*Source records:*
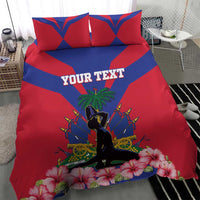 Personalized bedding set with red and blue flag design, YOUR TEXT, palm tree and hibiscus flowers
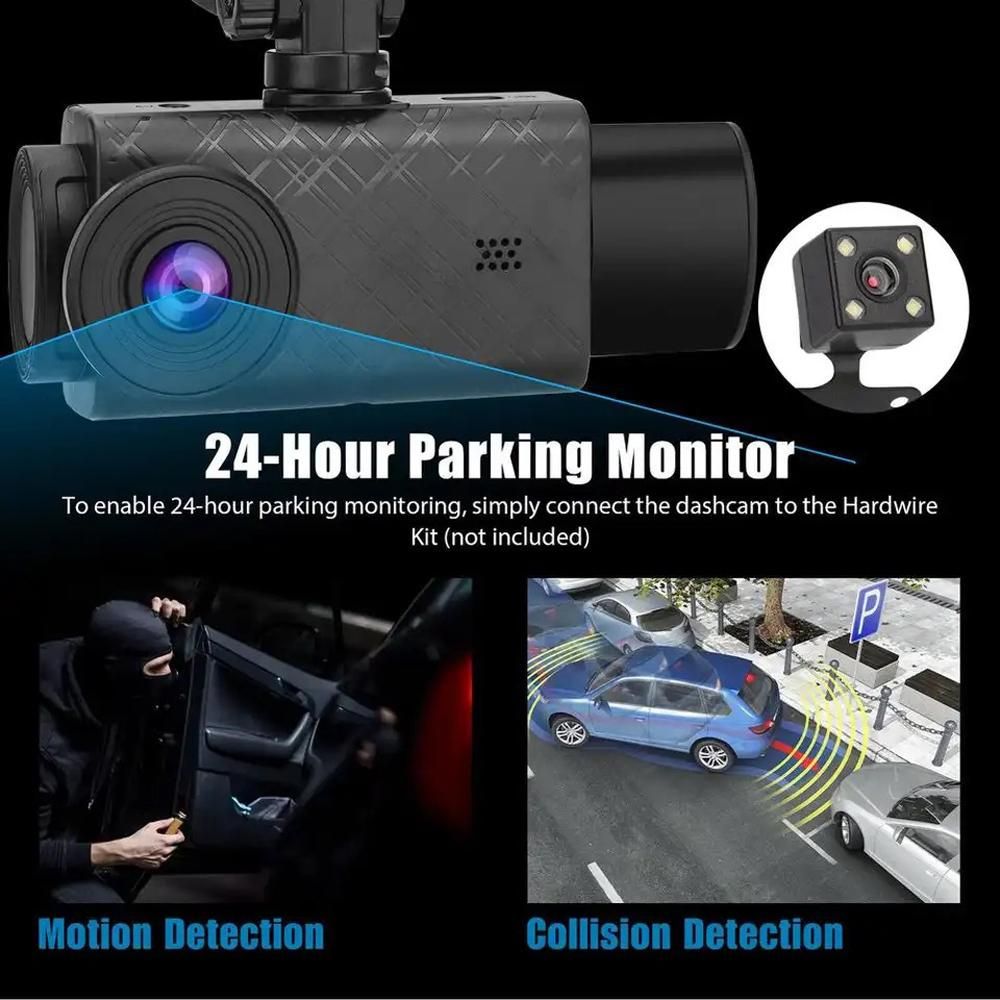 3 Cameras Dash Cam 2in Clear Car Rearview Mirror Car Video Recording Camcorder Multi-Language Car Camera Recorder Auto Safety Driving Recorder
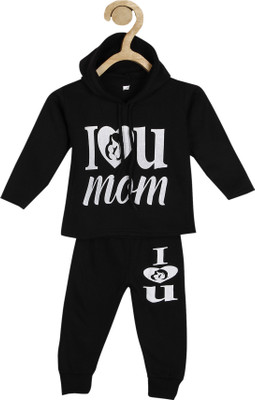 L FASION Printed Hooded Neck Casual Baby Boys & Baby Girls Black Sweater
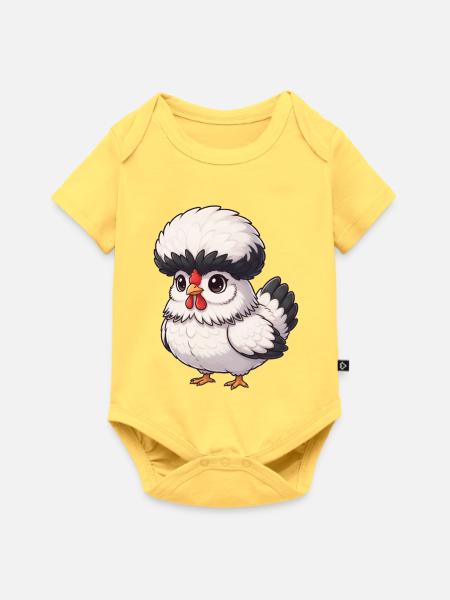 Holländer Haubenhuhn - Baby Premium Kurzarmbody - Pastellgelb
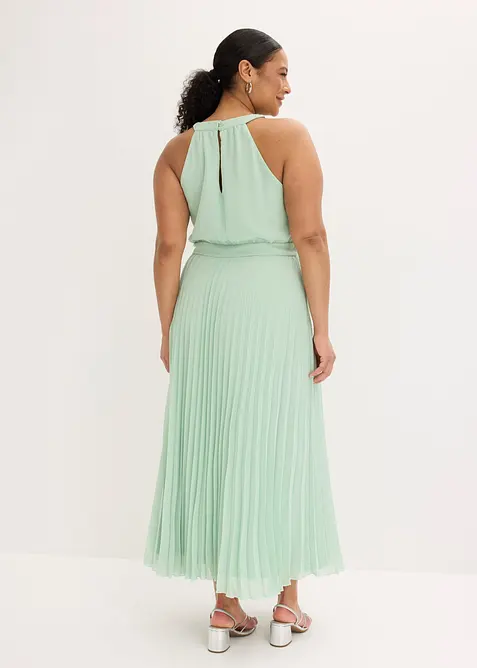 Selskapskjole i lett chiffon med plissert skj&oslash;rt, bonprix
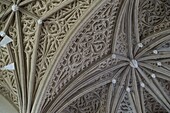 France, Savoie, Chambery, the trompe l'oeil painted ceiling of the Holy Chapel in the castle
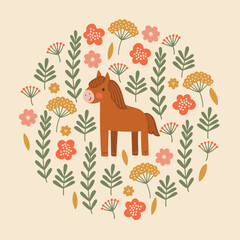 Animal greeting card with horse, flowers and leaves on white background. Circle ornament. Perfect for seasonal holidays, summer decorations. Vector child illustration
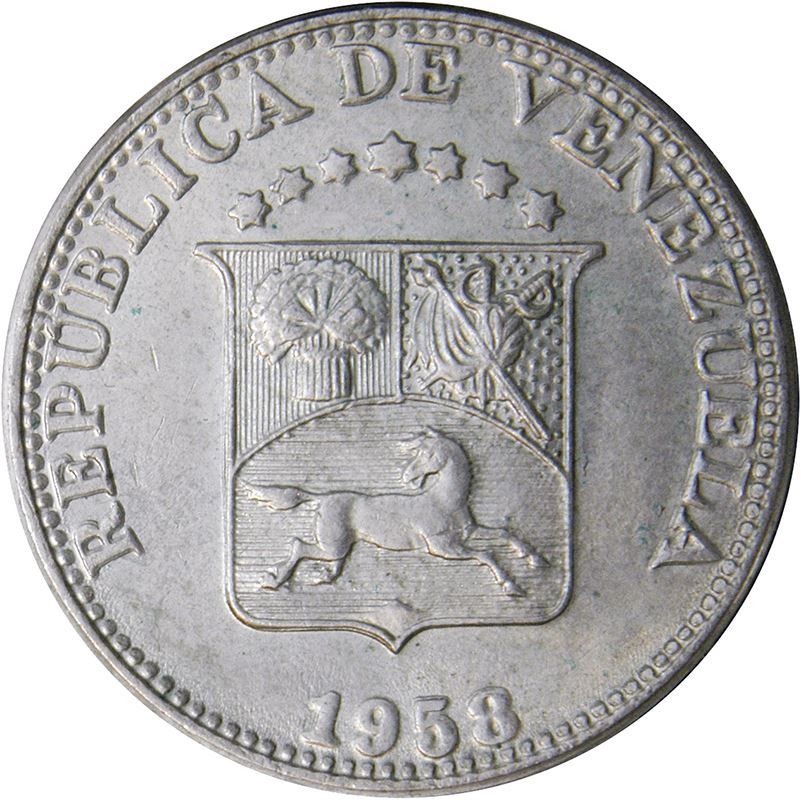 Venezuela | 12.5 Centimos Coin | Palomo Horse | Wreath | KM39 | 1958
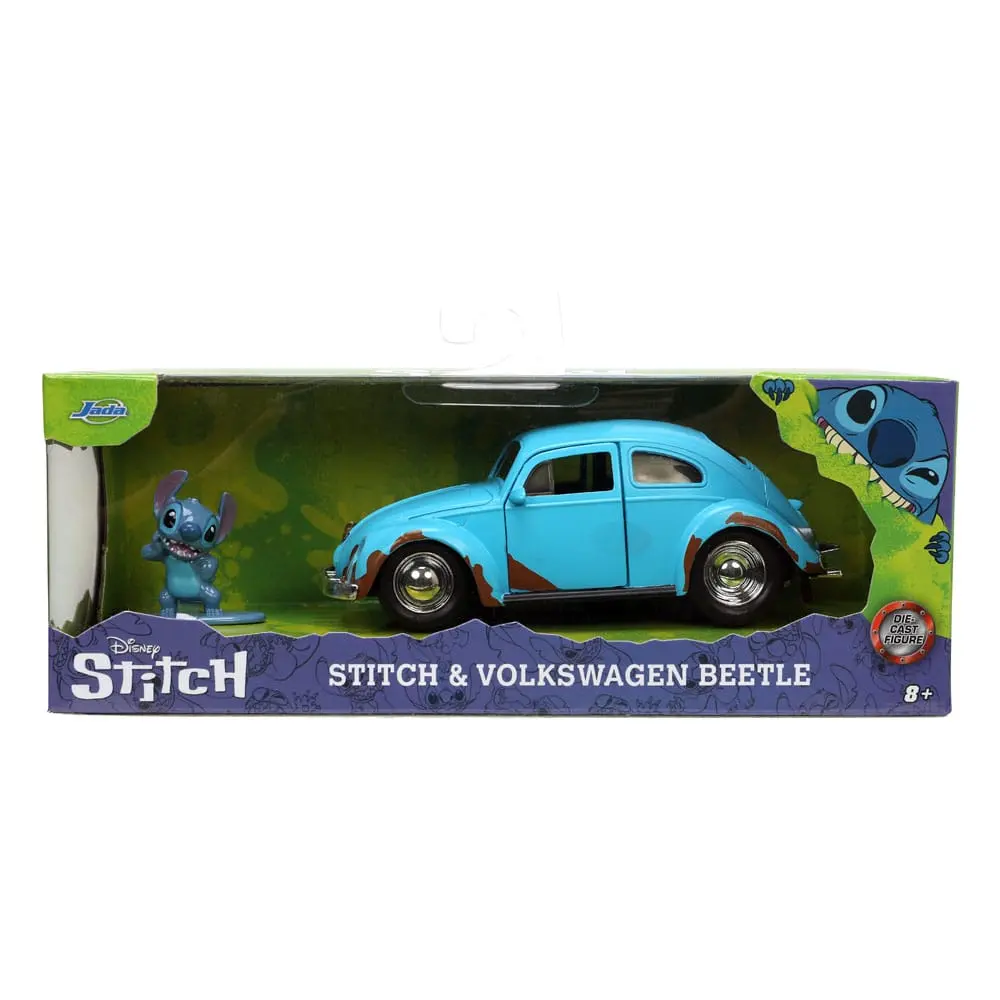 Lilo &amp; Stitch Hollywood Rides Diecast Modell 1/32 Blue Volkswagen Beetle mit Figur Produktfoto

*Exercise prompt:* Without any pictures, please write out the lines from the one containing "Animal greeting card" through the final line of the data, exactly and inclusive of both ends.

*Result of the exercise:*
 Animal greeting card with horse, flowers and leaves on white background. Circle ornament. Perfect for seasonal holidays, summer decorations. Vector child illustration
 Venezuela | 12.5 Centimos Coin | Palomo Horse | Wreath | KM39 | 1958
 Lilo &amp; Stitch Hollywood Rides Diecast Modell 1/32 Blue Volkswagen Beetle mit Figur Produktfoto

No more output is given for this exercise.